Russia is one of the four countries with the highest burden of illicit drug use as measured by disability-adjusted life years (DALYs), with over 650 DALYs lost per 100 000 population.[1] In the 1990s, there was a rapid increase in the supply of and demand for heroin in Russia as a consequence of social, economic and psychological factors, in conjunction with the increasing importance of Central Asia as a centre of heroin production and trafficking.[2] This confluence of events contributed to the almost exclusive use of heroin at the onset of the opioid epidemic, leading to a rise in the HIV epidemic in Russia, driven by injecting heroin use.[2–4] Since the late 1990s, the HIV and injecting drug use (IDU) epidemics in Russia have grown, with estimates of HIV prevalence among people who inject drugs (PWID) increasing from < 5% prior to 2000[5] to as high as 60% today.[6] Furthermore, the official prevalence of IDU in Russia is probably an underestimate as a consequence of reliance on data based on 'official registration' of PWID.[7]

In a 2010 study of IDU in eight Russian cities, injection of commercial heroin was more common than that of homemade heroin in St Petersburg.[6] Commercial heroin is derived directly from opium, whereas homemade heroin is converted from morphine in local underground laboratories.
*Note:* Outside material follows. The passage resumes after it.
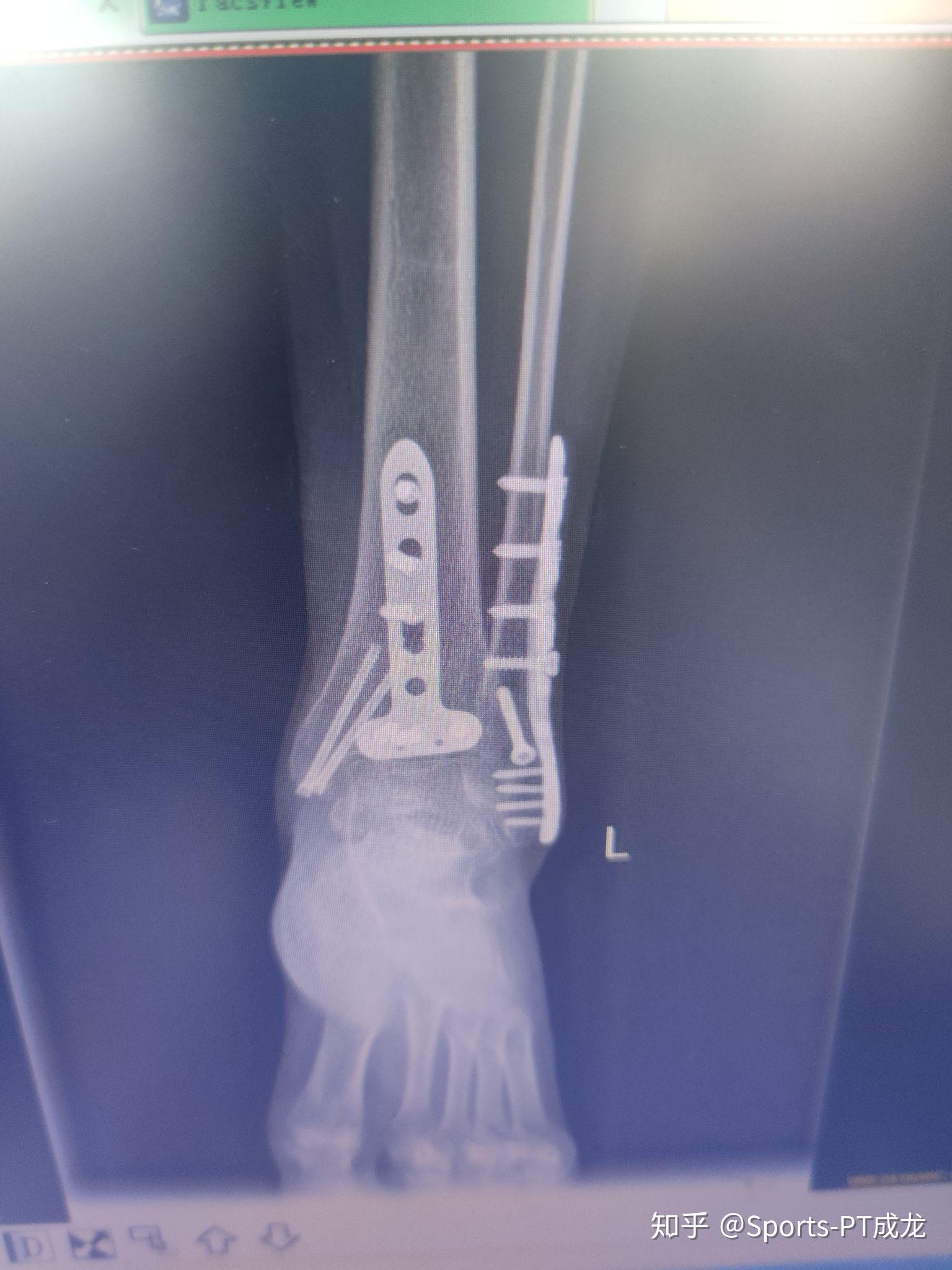 足踝韧带重建手术—全过程记录持续更新 - 知乎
Data suggest that HIV is more easily transmitted through commercial heroin use than homemade heroin use,[8] implying that the type of heroin is important and may have HIV transmission consequences.
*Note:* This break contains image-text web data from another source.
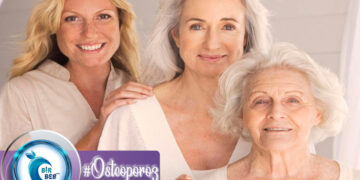 Osteoporoz (Kemik Erimesi) Nedir? Nasıl Önlenir? Kimler Risk Altındadır?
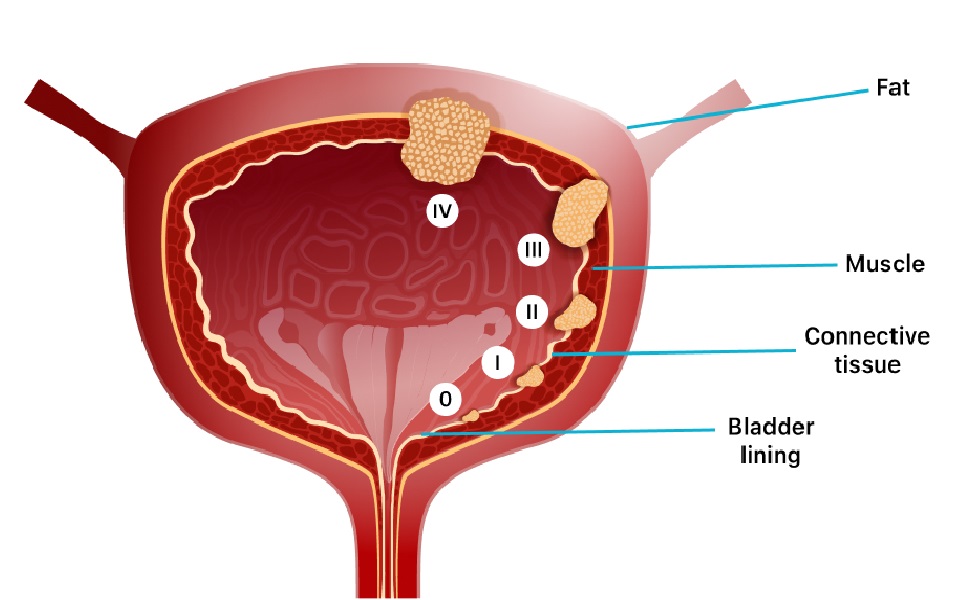 Bladder cancer stages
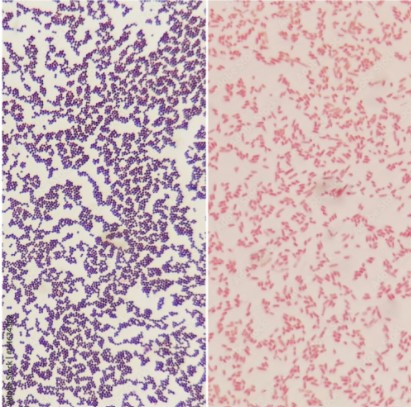 gram negative rods and gram positive cocci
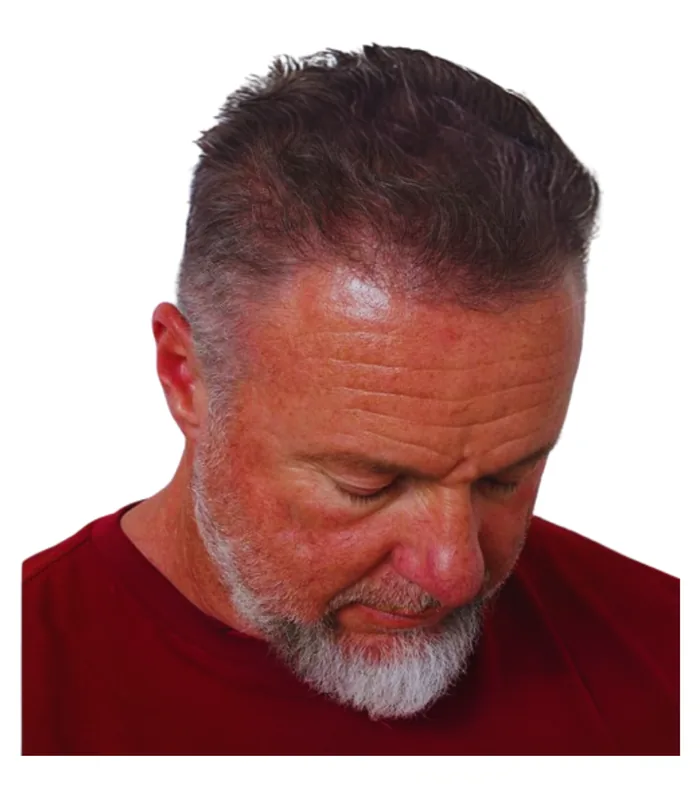 FUE hair transplant 12 months after, case 010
Clinicians have noted substantial changes in the type of illicit opioids used in recent years, but published studies on these changes are limited. In a mixed methods study conducted in 2012 and 2013 among PWID in St Petersburg, 50% of participants (407 of 811) reported any use of illicit methadone in the past 30 days, compared with only 4% of participants (15 of 411) reporting having injected methadone in the past 30 days in a 2010 study.[9] Unlike the situation in most parts of the world, where methadone is used as a treatment for opioid use disorders (OUDs), as of 2018, opioid agonist treatment remains illegal in Russia. Methadone is manufactured in underground laboratories from its chemical precursors. Injection of methadone only, compared with injection of heroin only or a combination of both, is associated with fewer injections and thus reduced HIV-related risk. Furthermore, study participants who injected methadone only were less likely to inject with a previously used syringe.[9]
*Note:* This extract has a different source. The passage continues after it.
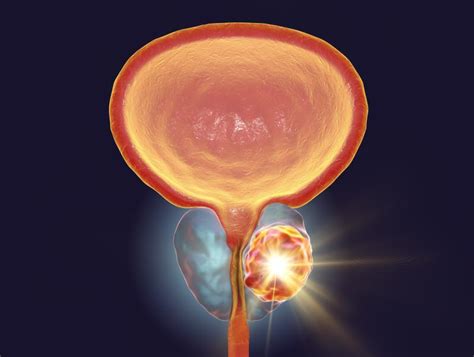 Thulium Trumps Holmium Laser Enucleation For Benign Prostate Hyperplasia Latest News For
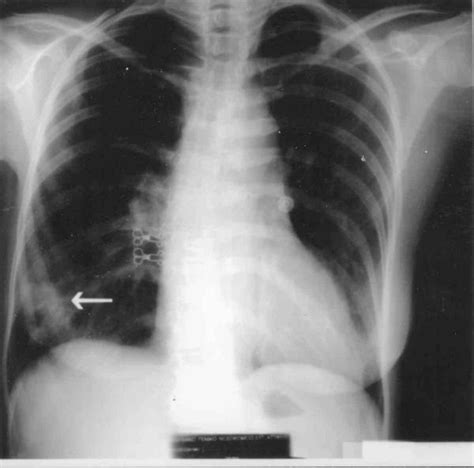 Chest X Ray Showing A Consolidation At The Base Of The Right Lung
Given the ongoing HIV and opioid use epidemics in Russia, it is important to understand the changes in patterns of illicit drug use, so that treatment and HIV risk reduction efforts can effectively address these trends. The aim of this study was to describe the evolution of illicit opioid use among people living with HIV (PLWH) who use opioids in St Petersburg, Russia, in four cohorts recruited over a 10-year period.